I’m basically interested in the calculations for this question. I’m guessing they’re fairly rudimentary, and wondering whether diving tables (or their inverse, high-altitude skydiving tables) are the same thing in principle, with us, blood, and nitrogen compared with bottle, liquid, and CO2.
A gas is MORE soluble at colder temperatures so cooling the soda bottle would quicken the redissolution of your CO2.
Dive tables are an attempt to make sure that nitrogen doesn’t bubble directly out of your blood and terrorize your insides. This would be accomplished by either not ascending too quickly giving you a chance to exhale the nitrogen and/or not being underwater long enough or at such a depth to accelerate the dissolution of nitrogen to begin with.
I remember something about testing if tapping a can of soda reduces fizz over. It turns out it doesn’t but that the 20-30 seconds was usually enough time for the CO2 to get back into the soda.
The Master speaks:
https://www.straightdope.com/columns/read/1034/will-tapping-a-pop-can-keep-the-carbonation-from-exploding-on-opening/
These guys took the question seriously…
I haven’t gone to the cite yet, but am compelled to note pleasant username/post combo.
For fuck sake:
Go out and buy a 12 pack and do the work.
If you are that destitute. I will reimburse you.
There’s no relation to N2/dive tables or anything like that.
If you have an unopened container of beverage pressurized with CO2, the dissolved and free/gaseous portions of CO2 will be at equilibrium regardless of whether you shake it or not. As noted in the various replies, the resting period required to avoid having a recently-agitated can shoot its creamy load in your face has to do with how long it takes for the large number of tiny CO2 bubbles you’ve created to rise to the surface and rejoin with The One Big Bubble at the top. The tiny bubbles weren’t created by CO2 coming out of solution, and they aren’t destroyed by CO2 going back into solution: they form the same way bubbles would form in a can full of soapy water, through simple entrainment, and they dissipate the same way soapy-water bubbles do, through the bubbles popping.

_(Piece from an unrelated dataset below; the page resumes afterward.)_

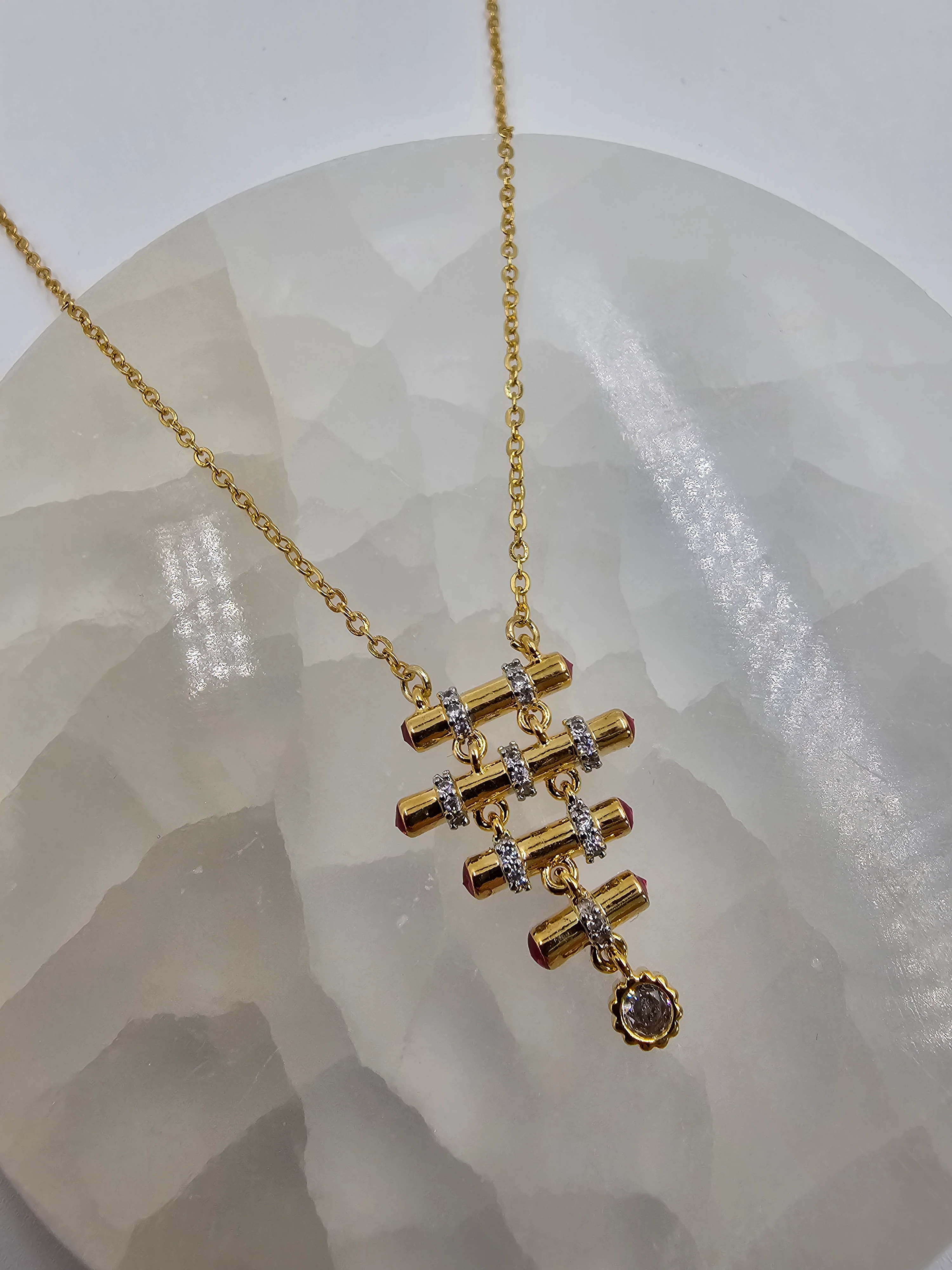 ALTIN KAPLAMA TAŞLI ÇUBUK KOLYE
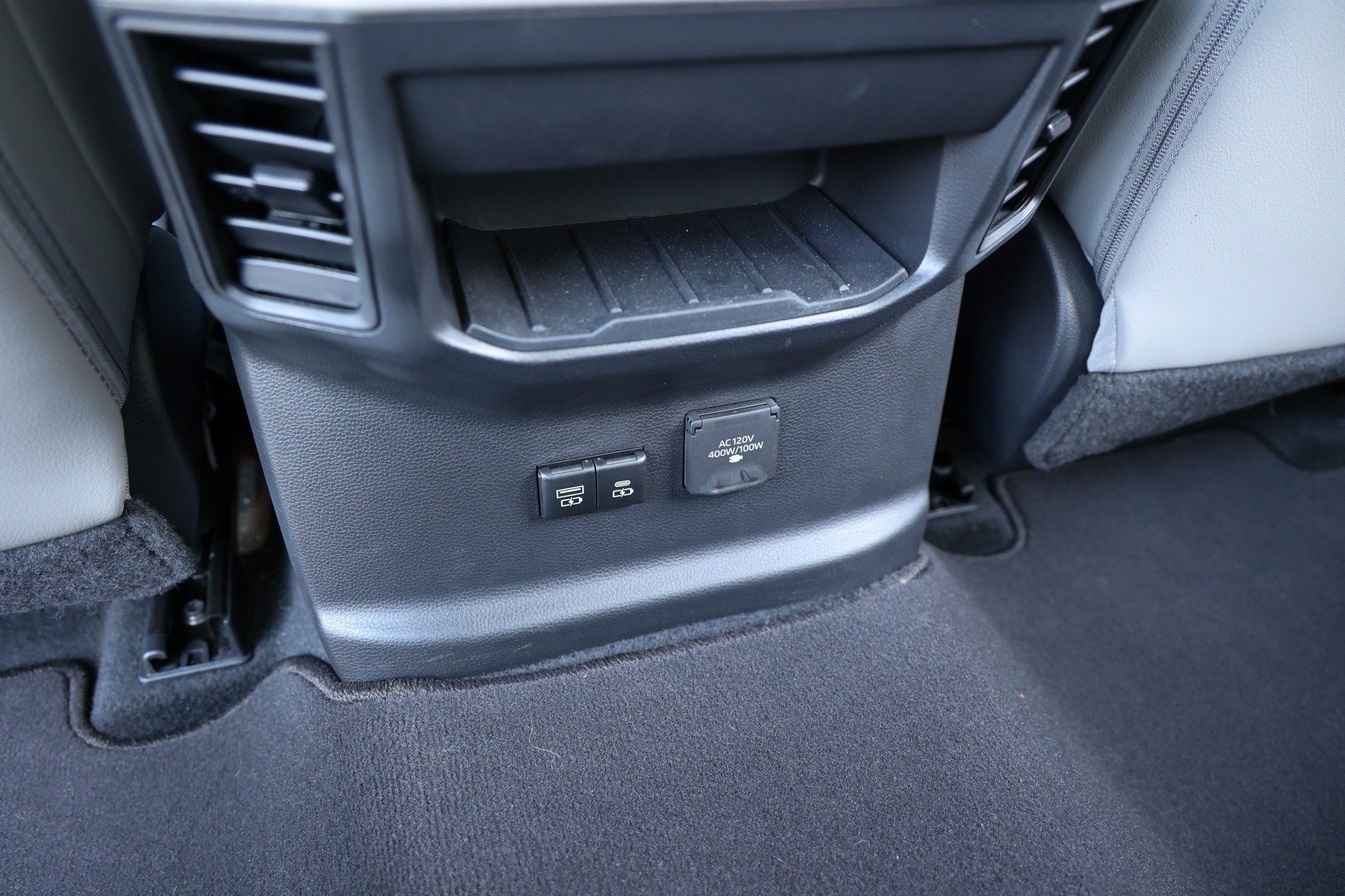 Used 2024 Toyota Tundra Limited w/ Power Package AWD/4WD image 46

Calculating how long the resting period should be depends on a couple of factors:
#1: how fast the bubbles rise to the surface. You can calculate a terminal velocity for a bubble based on its size and buoyancy, and estimate how long it takes for bubbles at the bottom of the can to get to the top. There will of course be a distribution of sizes for the bubbles you generate by shaking, but you can chose a representative size on the small end of the distribution and go from there.
#2: how fast the bubbles burst after they’ve reached the top. If you open your can/bottle immediately after shaking, the evenly-distributed bubbles will allow a lot of CO2 out of solution and will blast a lot of the beverage out of the can. If your bubbles are all gathered at the top (but not yet burst to rejoin The One Big Bubble), they will still expand when you relieve the pressure and you’ll get a blast of light foam and spray. The amount of time it takes for those bubbles to dissipate after reaching the top depends on the nature of the beverage. If it’s plain seltzer water, the bubbles should go away fast, just as they do when you pour it into a glass. If it’s beer, they will likely take longer, just like the foamy head on a beer persists after you pour it into a glass. Can’t think of a way to calculate this time, since it’s dependent on beverage properties.
I’m planning a science experiment involving a Porsche and 12 hookers if you are willing to join my gofundme campaign.
Are you sure it’s soda you’re talking about, Leo? This is another one of those Joyceian ‘queries’.